#### Work instruction:
Print every entry exactly as it appears, but skip the pictures.

#### Information given:
---
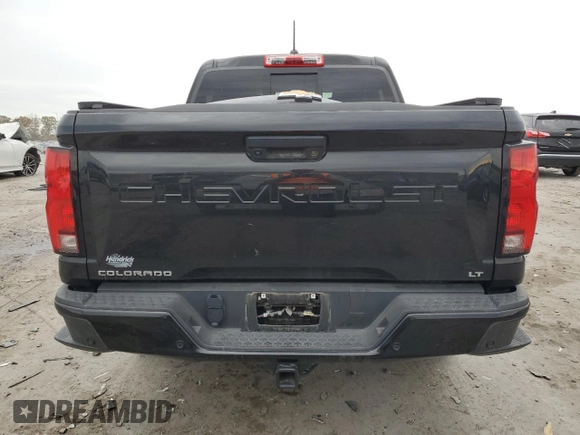 2023 Chevrolet Colorado 4WD LT z VIN 1GCPTCEK7P1227580, wystawiony jako Copart lot #78911734 z przebiegiem 14 165 mil mil oraz Szkody całkowita. Historia ofert i sprzedaży dostępna na DreamBid. Obrazek 6.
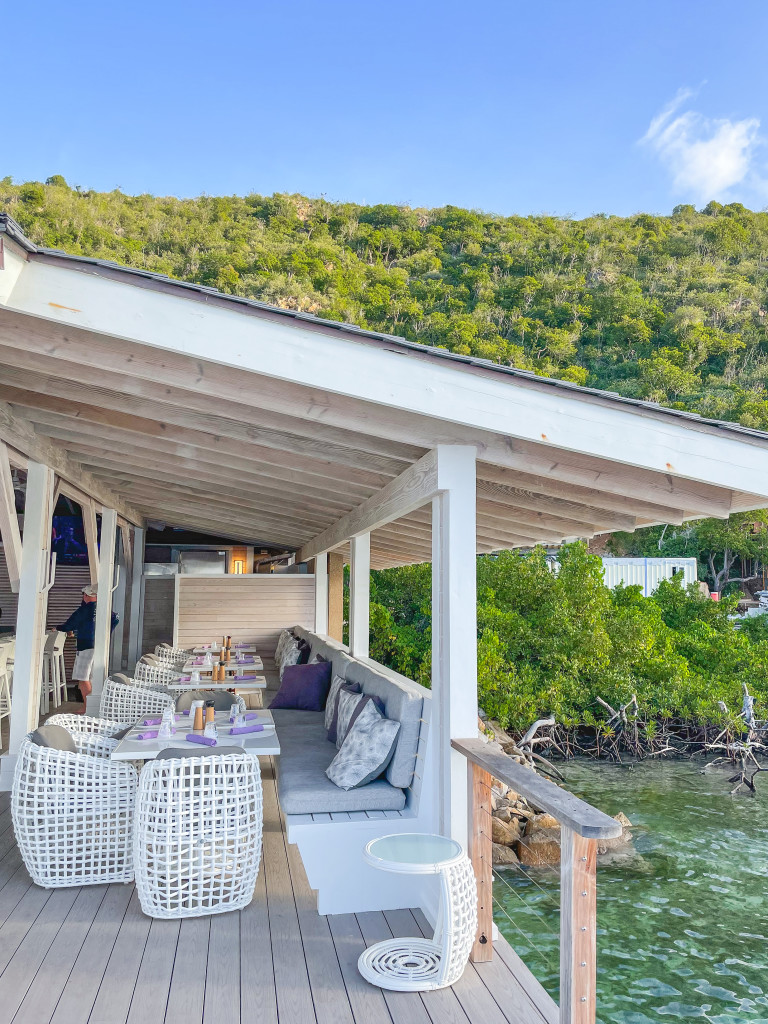 Oil Nut Bay, British Virgin Islands, by Compass + Twine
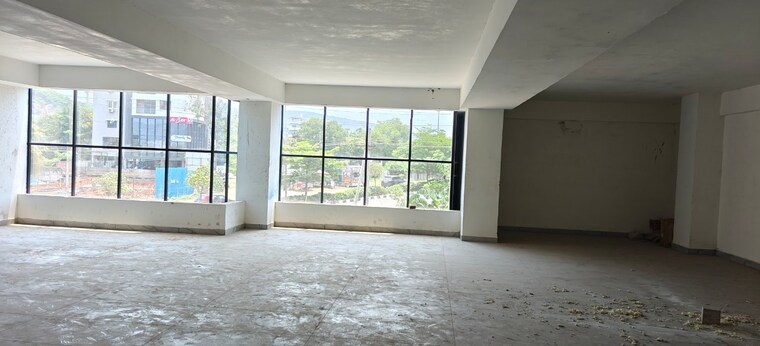 Exterior View, kp-icon Commercial Office Space 925 Sq.Ft. In Yendada Vizag 9434936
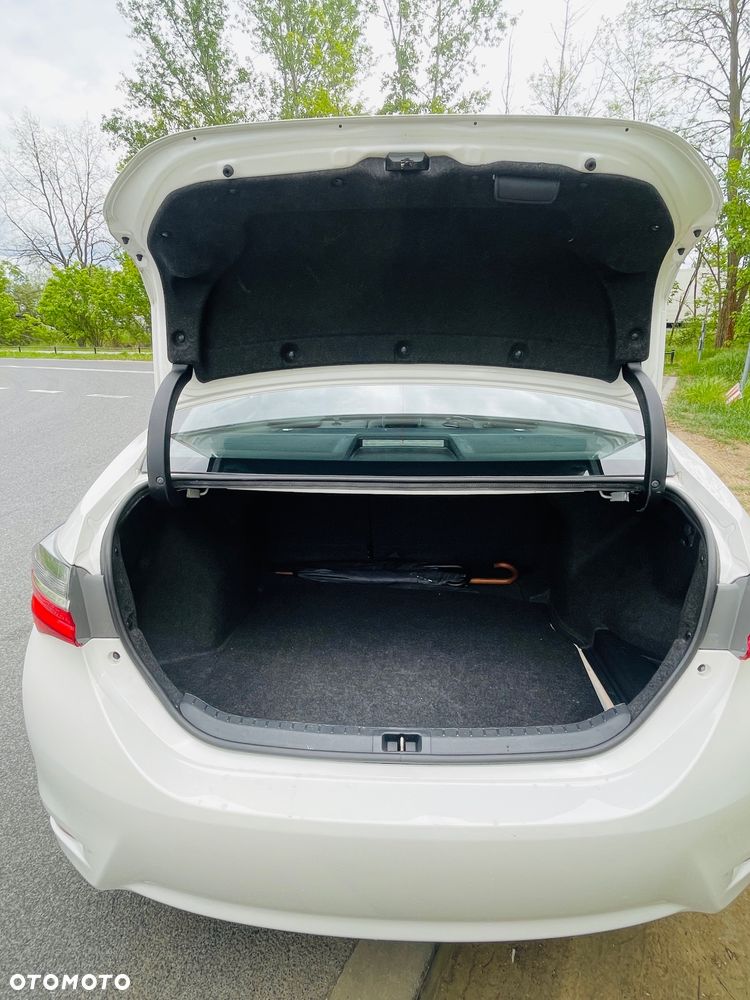 Toyota Corolla 1.4 D-4D Active - 10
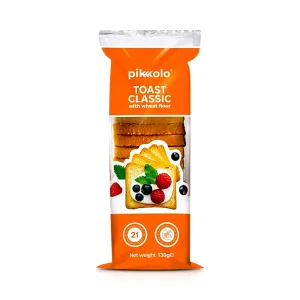 Weizengebäck - Toast, 130 g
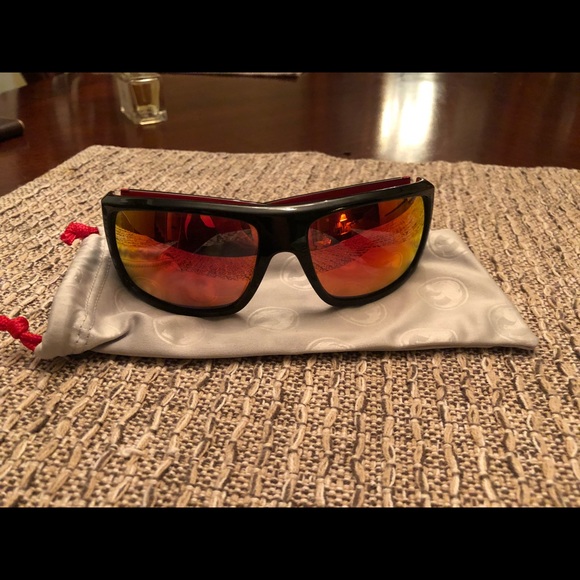 Dragon Red Ionized Sunglasses - Picture 7 of 7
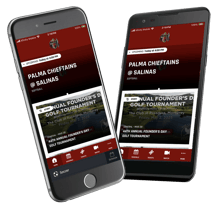 App on phones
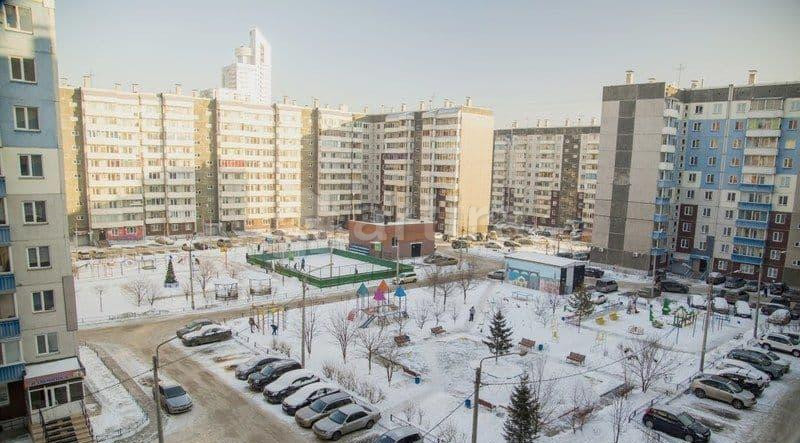 1-комн. квартира, 33 м2, 6/10 эт. Красноярск - изображение 11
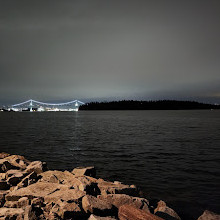 West Vancouver Centennial Seawalk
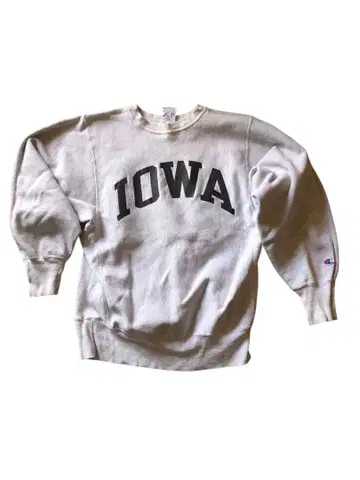 90s champion 리버스 위브 IOWA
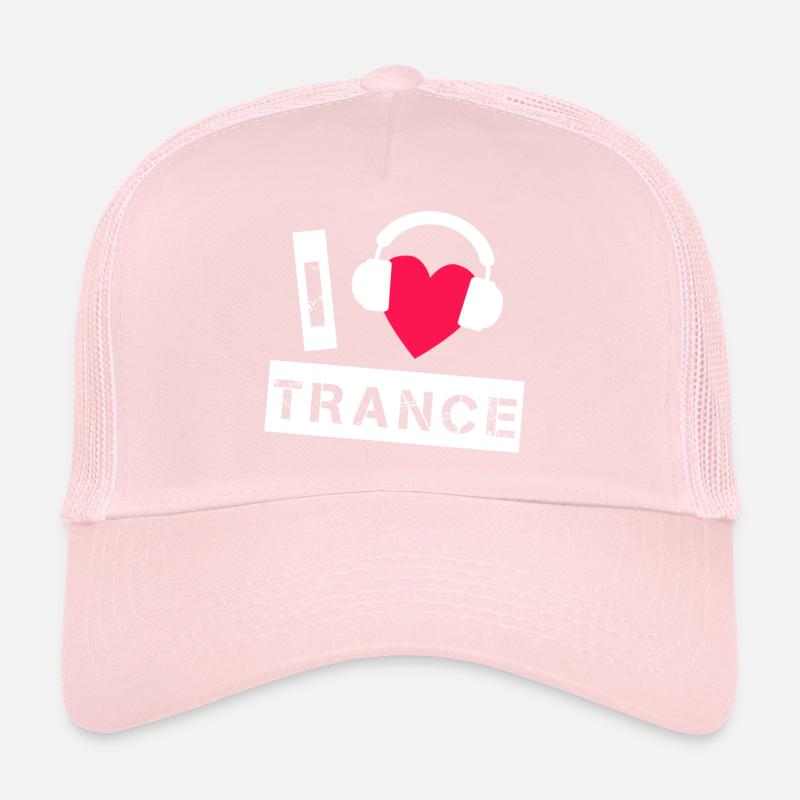 Amour de transe Casquette trucker 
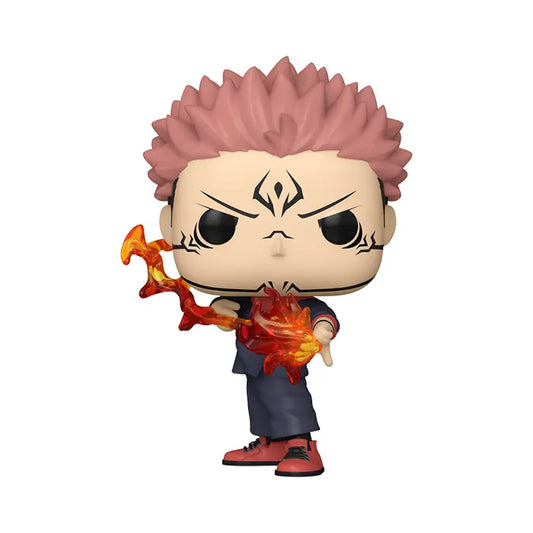 Funko Pop Animation Jujutsu Kaisen Ryomen Sukuna (Fire Arrow)
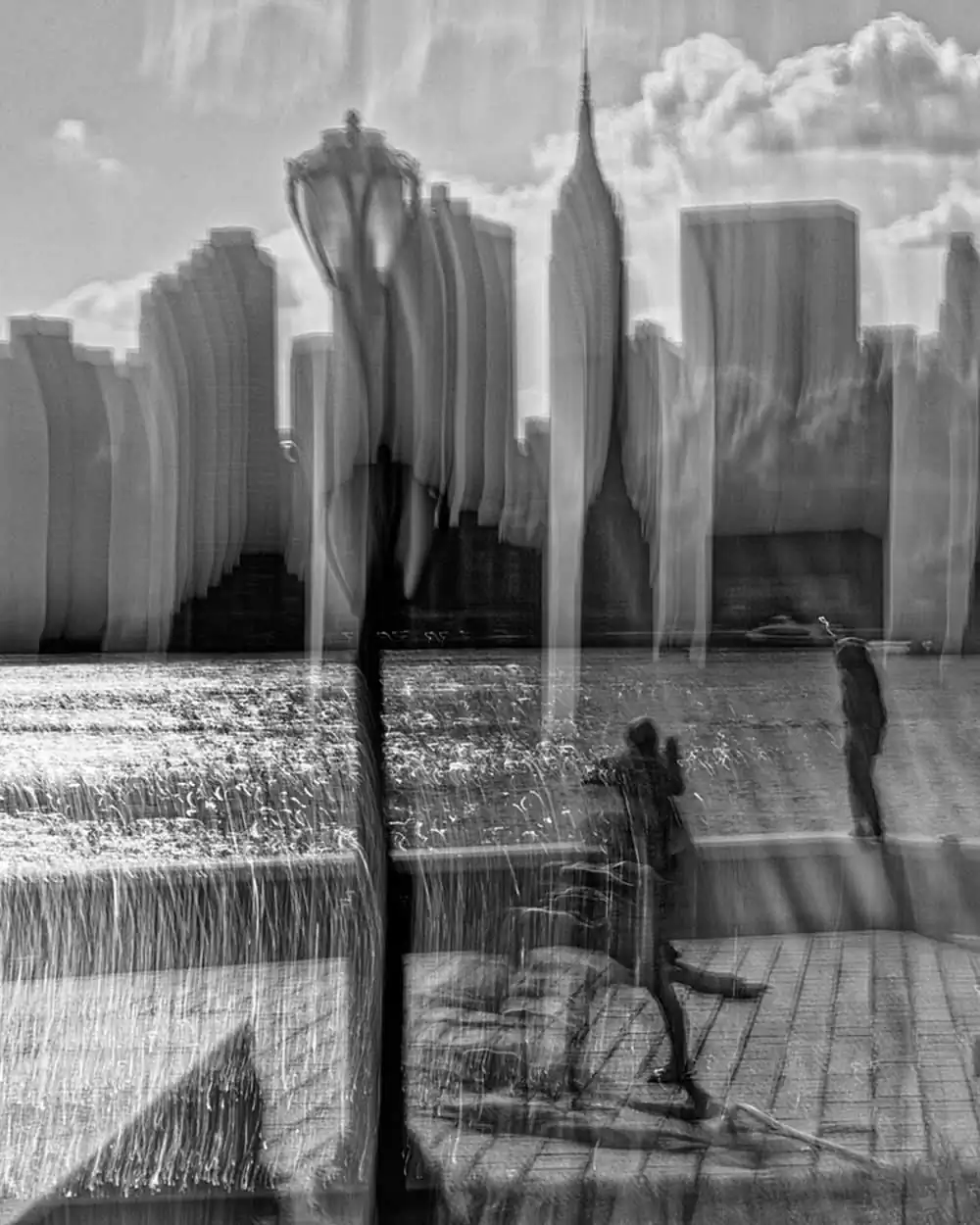 Between clarity and ambiguity by Charles Birnbaum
---
#### Task response:
 2023 Chevrolet Colorado 4WD LT z VIN 1GCPTCEK7P1227580, wystawiony jako Copart lot #78911734 z przebiegiem 14 165 mil mil oraz Szkody całkowita. Historia ofert i sprzedaży dostępna na DreamBid. Obrazek 6.
 Oil Nut Bay, British Virgin Islands, by Compass + Twine
 Exterior View, kp-icon Commercial Office Space 925 Sq.Ft. In Yendada Vizag 9434936
 Toyota Corolla 1.4 D-4D Active - 10
 Weizengebäck - Toast, 130 g
 Dragon Red Ionized Sunglasses - Picture 7 of 7
 App on phones
 1-комн. квартира, 33 м2, 6/10 эт. Красноярск - изображение 11
 West Vancouver Centennial Seawalk
 90s champion 리버스 위브 IOWA
 Amour de transe Casquette trucker 
 Funko Pop Animation Jujutsu Kaisen Ryomen Sukuna (Fire Arrow)
 Between clarity and ambiguity by Charles Birnbaum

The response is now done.